FIGURE 6.

GSIS-dependent surface display of endogenous ZnT8. A–C, anti-Na⁺/K⁺ ATPase, anti-tubulin, and anti-ZnT8 Western blotting analysis of surface biotinylation of live INS-1E cells. Biotinylated proteins were captured by streptavidin-coated magnetic beads, washed, and then eluted for immunoblotting analysis using a respective primary antibody as indicated. The red arrow indicates endogenous ZnT8. D, ELISA readouts of surface displayed ZnT8 on INS-1E cells that were exposed to 3 (blue) or 17 mm (red) glucose. Solid lines are standard curves generated by least squares fits of serial dilution data points to a second order logarithmic equation. E, quantification of surface-displayed ZnT8. Anti-Na⁺/K⁺ ATPase ELISA readouts are shown for serial dilutions of the identical cell lysate used in D. Magenta or dark cyan circles are anti-Na⁺/K⁺ ATPase readouts measured with 17 or 3 mm glucose.

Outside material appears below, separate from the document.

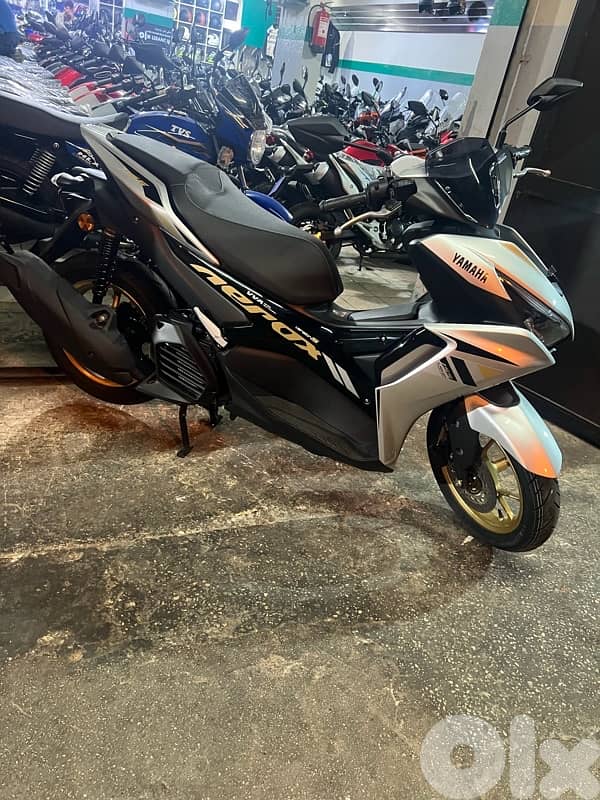 Yamaha Aerox 155 4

Dashed lines are least square fits of anti-ZnT8 standard curves in D to the anti-Na⁺/K⁺ ATPase data points using the -fold difference between biotinylated ZnT8 and Na⁺/K⁺ ATPase as a fitting parameter. Red or blue dash lines show the fit of 17 or 3 mm glucose data points. F, glucose-stimulated ZnT8 surface display. The values of relative surface expression were obtained from E in reference to the average level of the housekeeping Na⁺/K⁺ ATPase. Bars are the means ± S.E. from least-squares fitting (ns, p > 0.1; ***, p < 0.001).